8. What Are the Implications of Code Replacement in Master Contracts? Code replacement in master contracts allows for significant changes to the stablecoin’s functionality and operation. While this flexibility enables adaptability to regulatory requirements and technical improvements, it also introduces potential risks if misused or exploited by malicious actors.
9. How Does Token Transfer Work on the TON Network? Token transfers on the TON network involve sending messages between wallet contracts. These messages contain instructions to transfer tokens from one wallet to another. Toncoin is used as payment for messages and executing smart contracts, similar to gas in other blockchain networks.

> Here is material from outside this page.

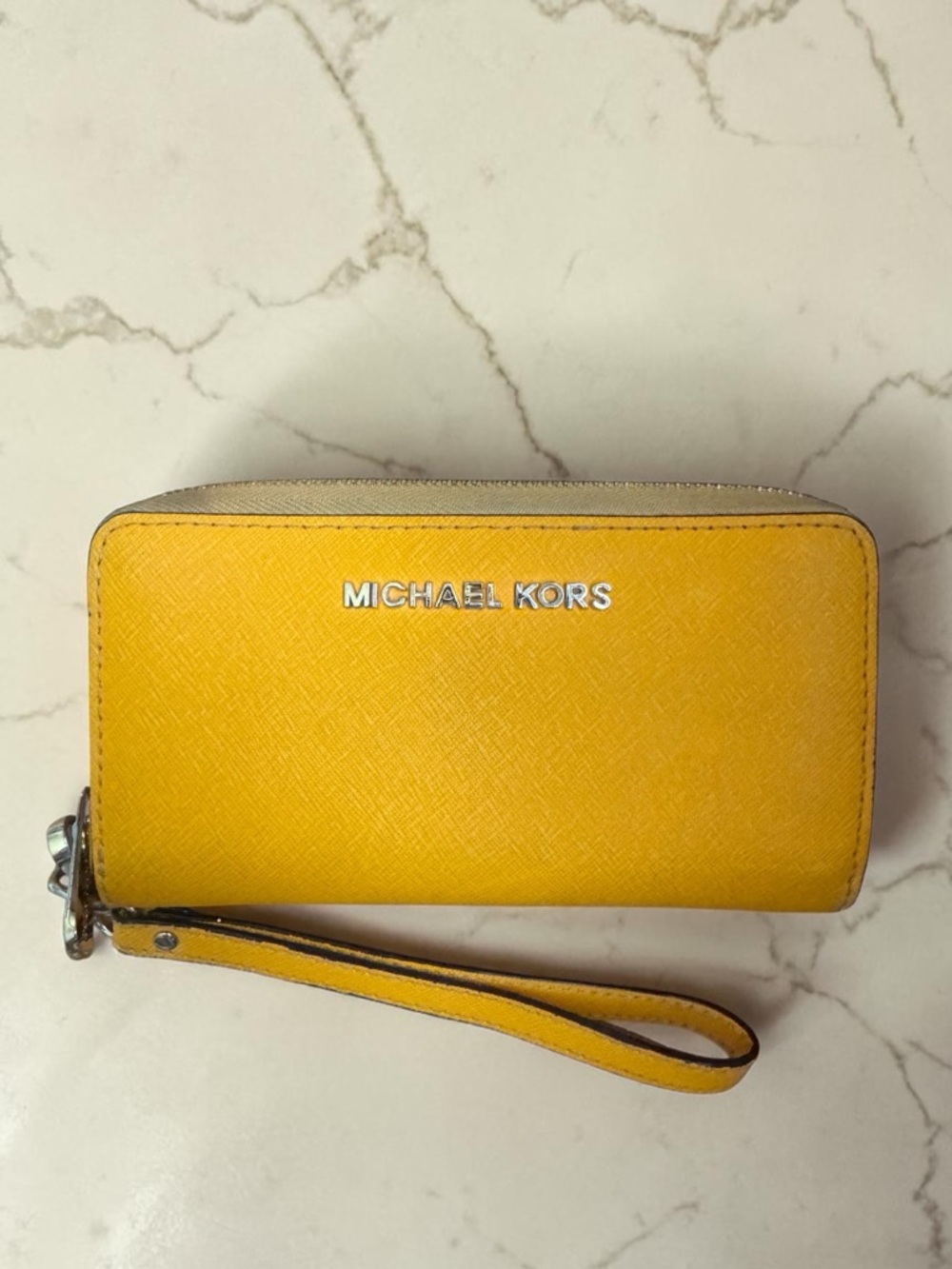 Michael Kors Yellow Zip-Around Wristlet Wallet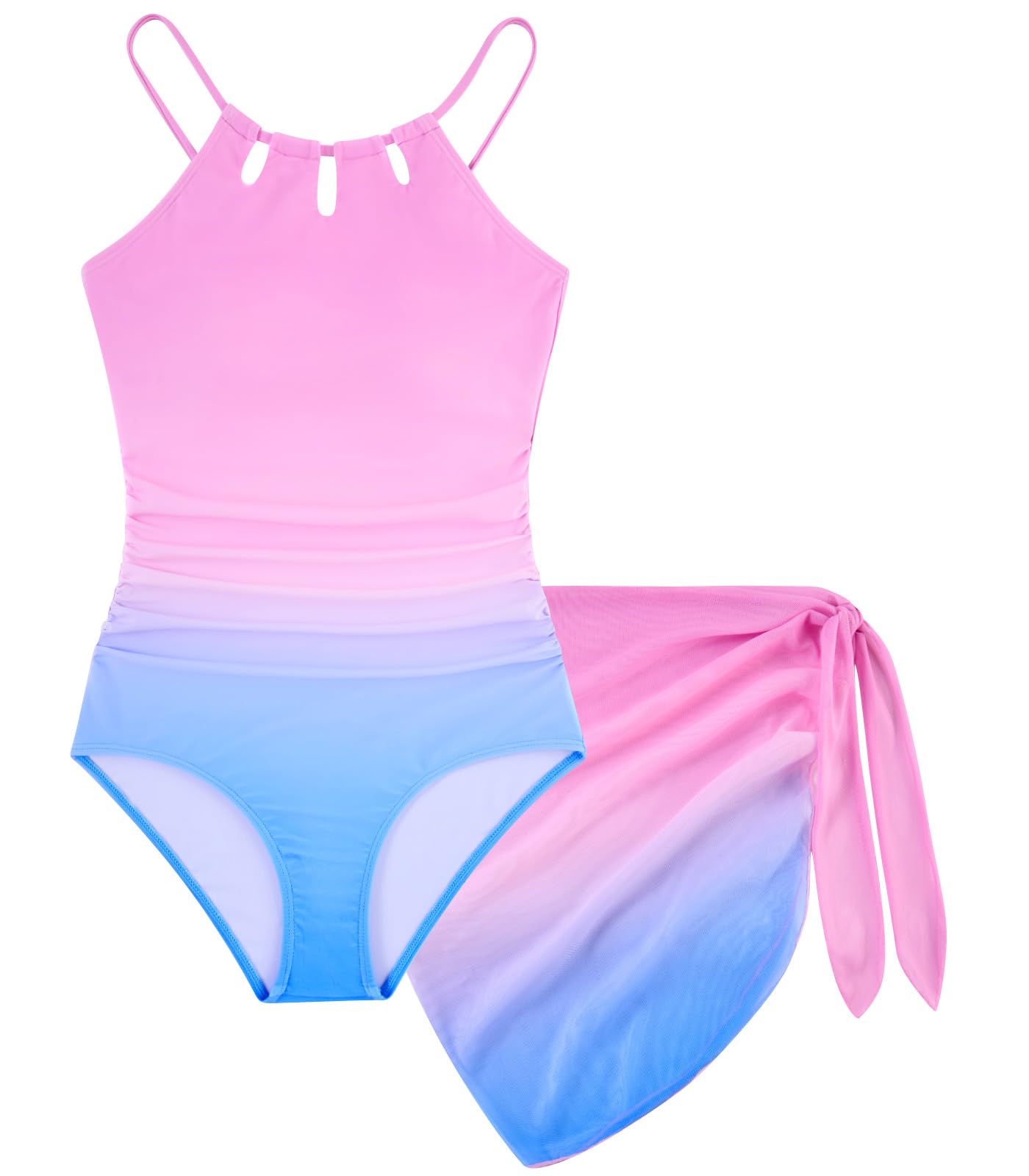 Girls One-Piece Swimsuit Bathing Suit with Cover Ups Size 7-16 | Adjustable spaghetti straps,Cut-out design, Removable chest pads, Swimwear for the beach, swimming pool, Hawaiian vacation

10. What Should Users Do in Case of Unauthorized Access to Their Funds? In case of unauthorized access to funds, users should immediately take action to secure their accounts. This includes changing passwords, revoking access from suspicious devices, and notifying the wallet provider or platform support team for further assistance. Additionally, affected users should monitor their accounts closely for any unusual activity and consider reporting the incident to relevant authorities.